**Task inputs**
-=-=-
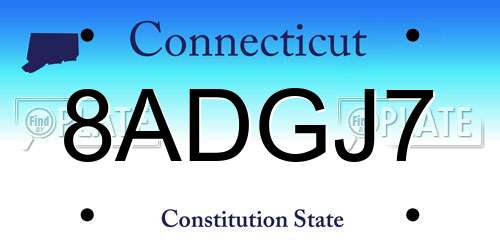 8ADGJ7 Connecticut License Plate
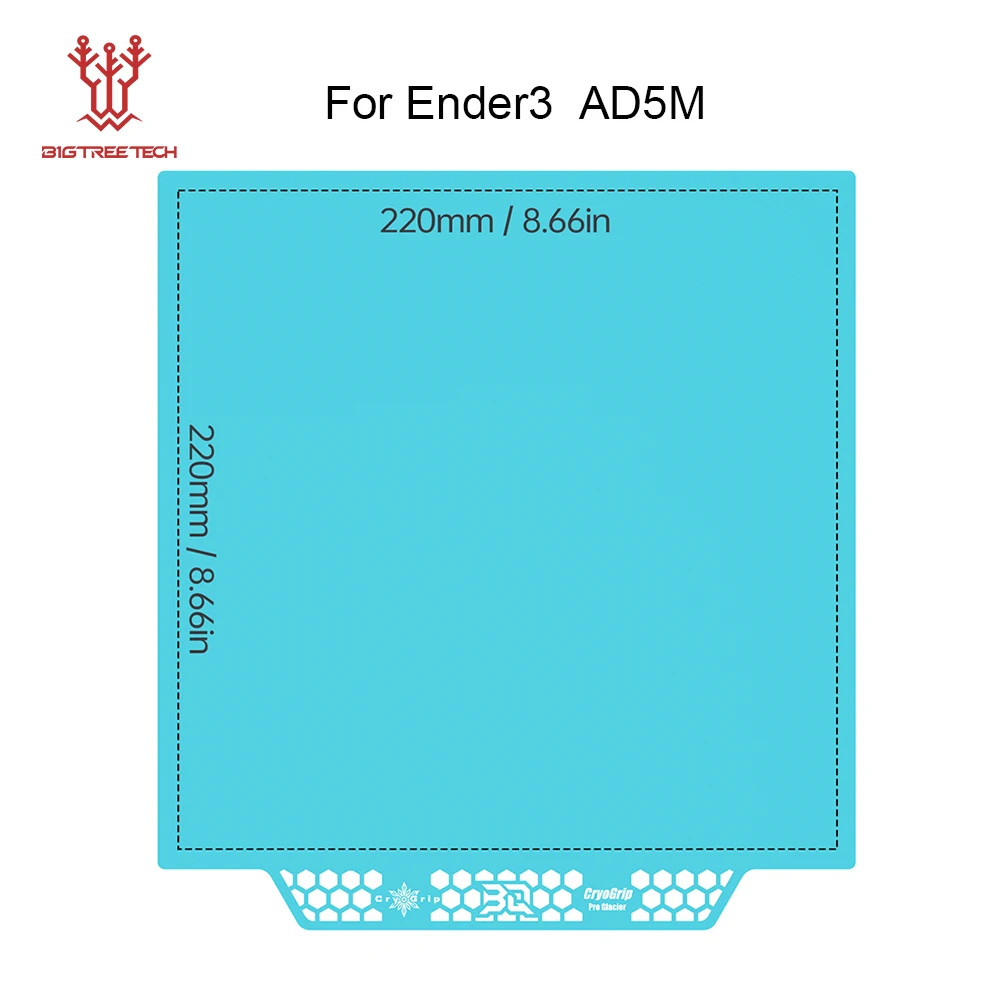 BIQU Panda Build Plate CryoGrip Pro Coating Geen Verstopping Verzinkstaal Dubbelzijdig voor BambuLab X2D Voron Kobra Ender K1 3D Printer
-=-=-
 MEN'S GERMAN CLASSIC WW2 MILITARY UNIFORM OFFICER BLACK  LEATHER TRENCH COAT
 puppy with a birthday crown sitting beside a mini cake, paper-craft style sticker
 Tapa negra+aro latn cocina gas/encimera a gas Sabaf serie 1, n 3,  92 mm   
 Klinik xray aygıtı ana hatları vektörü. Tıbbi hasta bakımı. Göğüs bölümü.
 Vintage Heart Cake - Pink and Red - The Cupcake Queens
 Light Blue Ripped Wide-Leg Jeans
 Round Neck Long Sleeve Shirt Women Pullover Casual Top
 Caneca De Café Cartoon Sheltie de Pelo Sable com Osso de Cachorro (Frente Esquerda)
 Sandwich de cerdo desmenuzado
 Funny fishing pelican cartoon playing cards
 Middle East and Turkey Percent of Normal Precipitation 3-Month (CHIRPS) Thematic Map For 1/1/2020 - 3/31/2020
-=-=-
**The task**
Reproduce exactly the lines of the records above from the one with "Light Blue Ripped Wide-Leg Jeans" to the one with "Middle East and", both included, and leave out everything else.

**Completed task**
 Light Blue Ripped Wide-Leg Jeans
 Round Neck Long Sleeve Shirt Women Pullover Casual Top
 Caneca De Café Cartoon Sheltie de Pelo Sable com Osso de Cachorro (Frente Esquerda)
 Sandwich de cerdo desmenuzado
 Funny fishing pelican cartoon playing cards
 Middle East and Turkey Percent of Normal Precipitation 3-Month (CHIRPS) Thematic Map For 1/1/2020 - 3/31/2020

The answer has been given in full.